President Mikhail Gorbachev has halted plans to deport Armenians from violence-torn areas of Azerbaijan and ordered helicopters to evacuate the wounded, Armenia's president said Saturday.
Tens of thousands of Armenians, meanwhile, jammed Independence Square in Armenia's capital of Yerevan to mourn the latest victims of the ethnic violence. Soviet television showed two coffins hoisted shoulder-high amid the huge crowd.At a Moscow news conference, Armenian President Levon Ter-Petrosian said he won the concessions from Gorbachev in a 90-minute meeting in the Kremlin on Friday. The meeting followed fighting this week that cost 36 lives.
Gorbachev also met separately with Azerbaijani President Ayaz Mutalibov to try to quell the latest bloodshed between the southern republics. Neither Mutalibov nor Gorbachev commented on the session.
Ter-Petrosian angrily accused the Soviet leadership of waging "state terrorism" against his tiny republic.
He said he had complained to Gorbachev that mass deportations of Armenians from Azerbaijan would represent an escalation in the conflict. After the meeting, he received a phone call from KGB Chairman Vladimir Kryuchkov, who told him "the question of deportations has been taken off the agenda," he said.

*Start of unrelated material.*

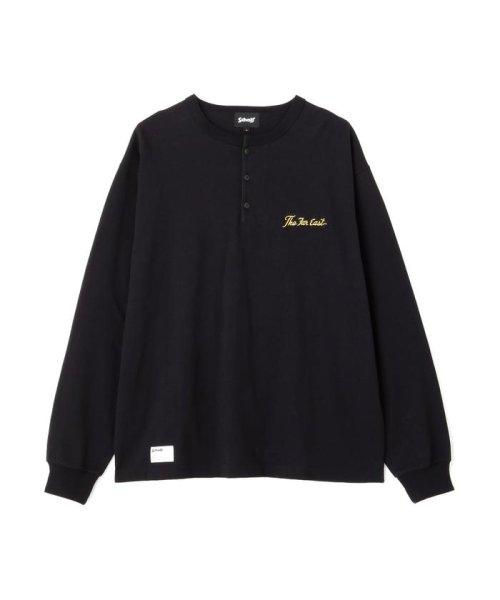 Schott(ショット)/LS HENLEY TーSHIRT "CHERRY BLOSSOMS EAGLE"/ヘンリーネック ロンT "チェリーブロッサム イーグル/img05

Ter-Petrosian said 36 civilians were killed and scores wounded when Soviet and Azerbaijani troops attacked the villages of Getashen and Martunashen on Monday. The villages are inside Azerbaijan, but most of their 2,760 residents are ethnic Armenians.
An Armenian lawmaker charged Thursday that people injured in the fighting were dying because Soviet troops were preventing doctors from treating them. Ter-Petrosian said he raised the issue with Gorbachev, who agreed to allow helicopters to evacuate the injured.